FNet 1D FFT NKI Kernel for AWS Neuron
NeuronCore-optimized NKI kernels that perform 1D FFT (128/256/512-point) entirely on NeuronCore hardware using Tensor Engine matrix multiplications. Used here to replace the FNetBasicFourierTransform module in FNet models, which requires a 2D FFT decomposed into two passes of 1D FFTs.
Why This Kernel Exists
torch.fft.fftn is not supported on Neuron hardware (complex dtypes not natively supported). Without this kernel, the FFT operation requires:
- Device-to-Host transfer (~hundreds of ms)
- CPU computation
- Host-to-Device transfer (~hundreds of ms)

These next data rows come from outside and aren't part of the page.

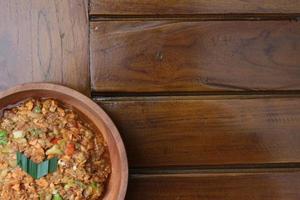 a close up Rujak Bebek or smashed fruit which is made from raw fruit crushed in a mortar and pestle and added with shrimp paste, chili and brown sugar. Indonesian traditional food photo concept.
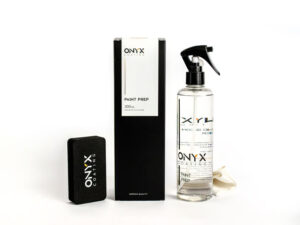 Bottle of Onyx Paint Prep, preparing car exterior for ceramic coating by removing residues and contaminants.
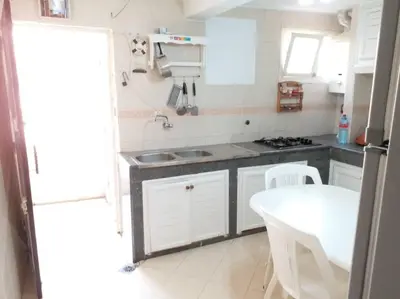 a kitchen with white cabinets and a white table at Villa Close To The Beach in Temara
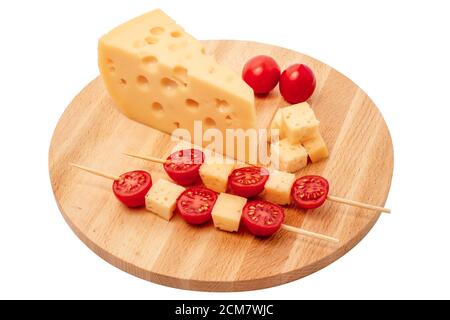 morceau de fromage et brochettes de fromage à la tomate sur une planche en bois, pièce de fromage triangulaire, fromage avec trous découpés sur fond blanc Banque D'Images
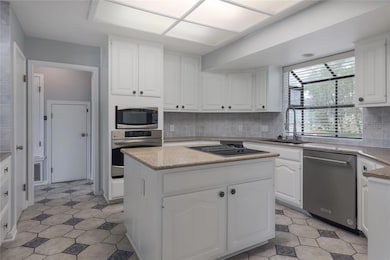 Kitchen featuring stainless steel appliances, a c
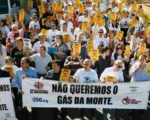 Protest march with crowd holding banner reading "NÃO QUEREMOS O GÁS DA MORTE" (We Don't Want Death Gas). Demonstrators gathered on street advocating against gas use or distribution.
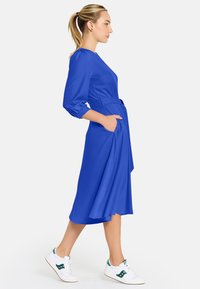 Žena kráčajúca v kráľovskej modrej midi šatách s 3/4 rukávmi a opaskom, doplnená bielymi teniskami s zelenými akcentmi.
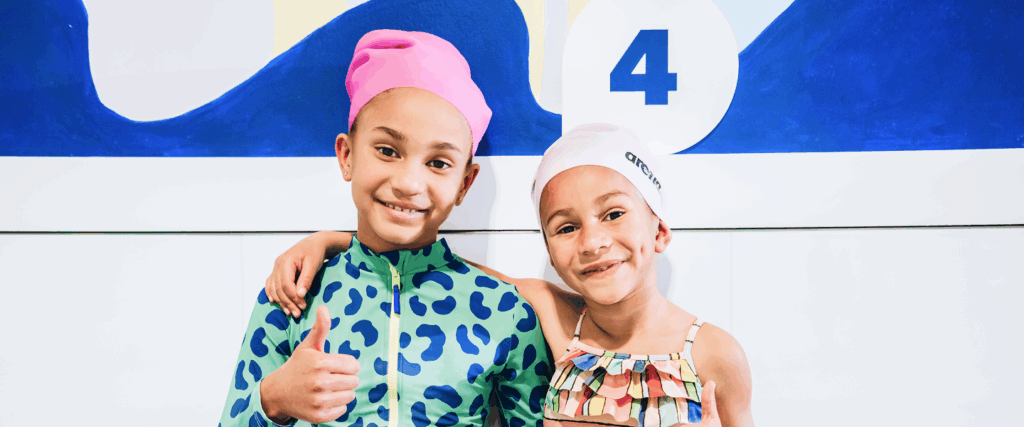 Two young girls smiling at the camera, posing in swim gear.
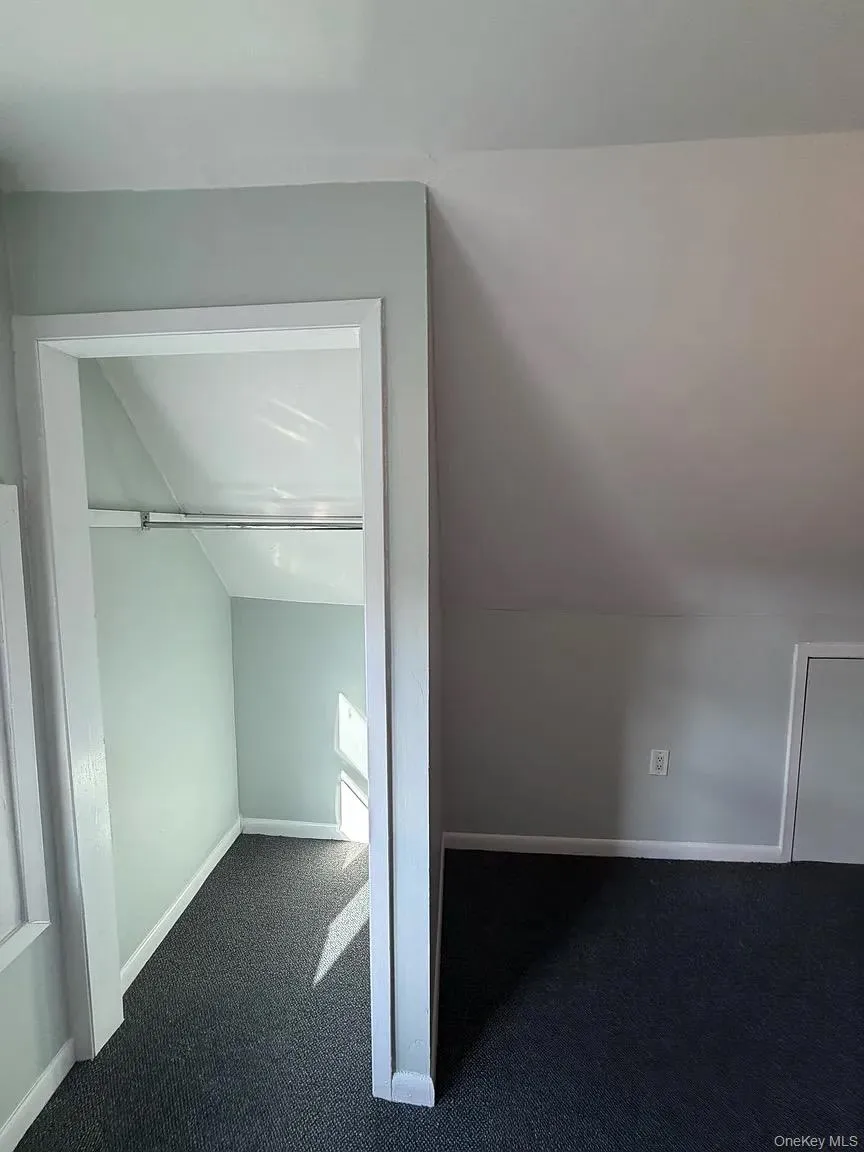 Bonus room featuring dark carpet and vaulted ceiling Bonus room featuring dark carpet and vaulted ceiling
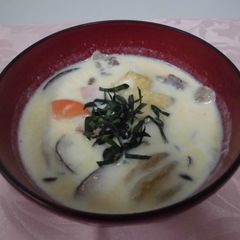 A picture of Pork miso soup with mushrooms and milk.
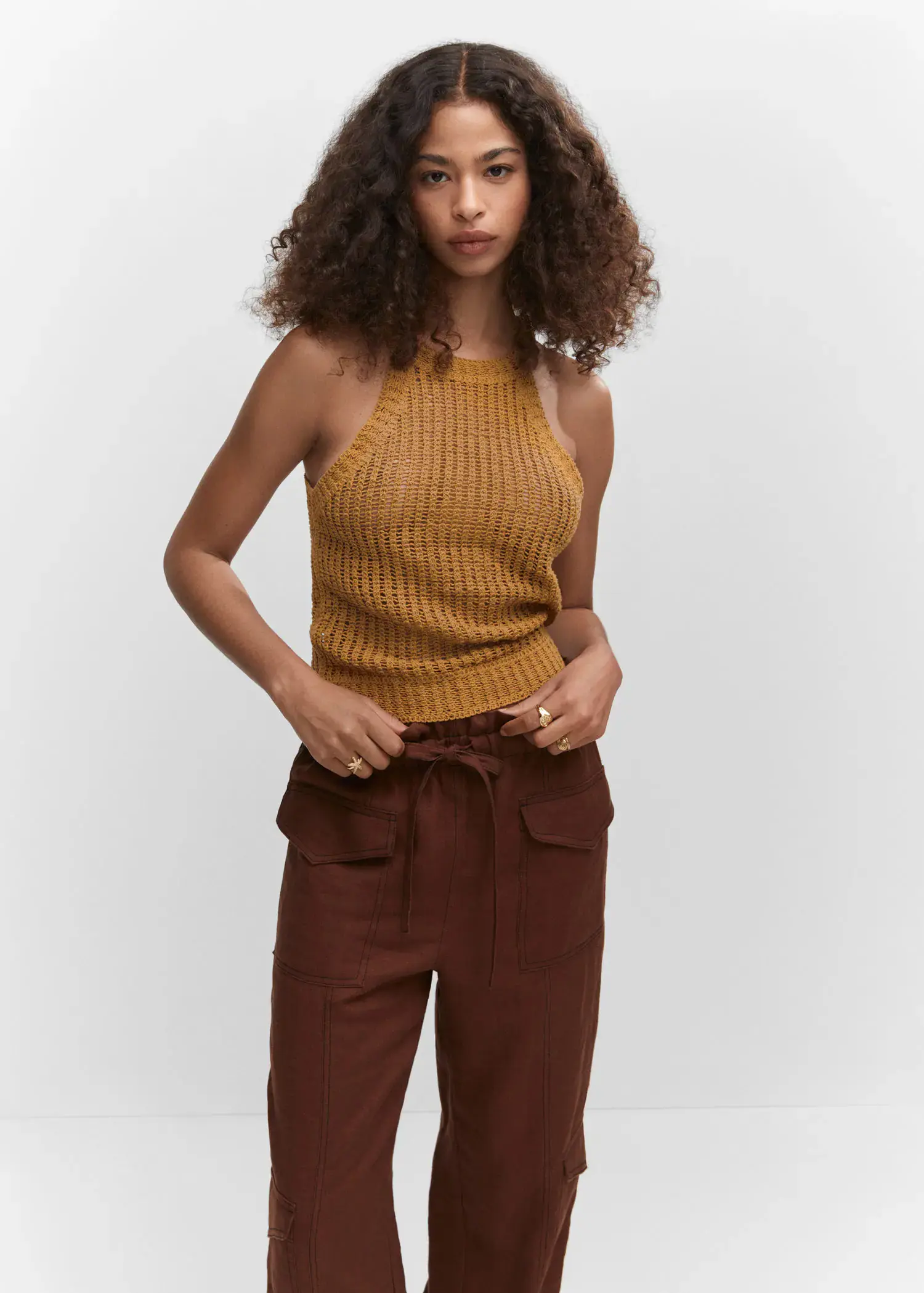 Mango Halter-neck knitted top. a woman in a brown outfit is posing.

This kernel eliminates those transfers by computing the FFT entirely on-device.
Supported Models
All FNet models using FNetBasicFourierTransform:
| Model | Hidden Size | Max Seq Len | Tested |
|---|---|---|---|
| google/fnet-base | 768 | 512 | Tested: cos_sim=1.000001 |
| google/fnet-large | 1024 | 512 | Supported (power-of-2 hidden) |
| Custom configs | 128-2048 | 128-512 | Supported |
Requirements
- AWS Neuron SDK 2.29+ (NKI 0.3.0+)
- PyTorch Native (torch-neuronx) for eager execution of the orchestration layer
transformerswithKernelConfigsupportkernelslibrary (HuggingFace kernel loading)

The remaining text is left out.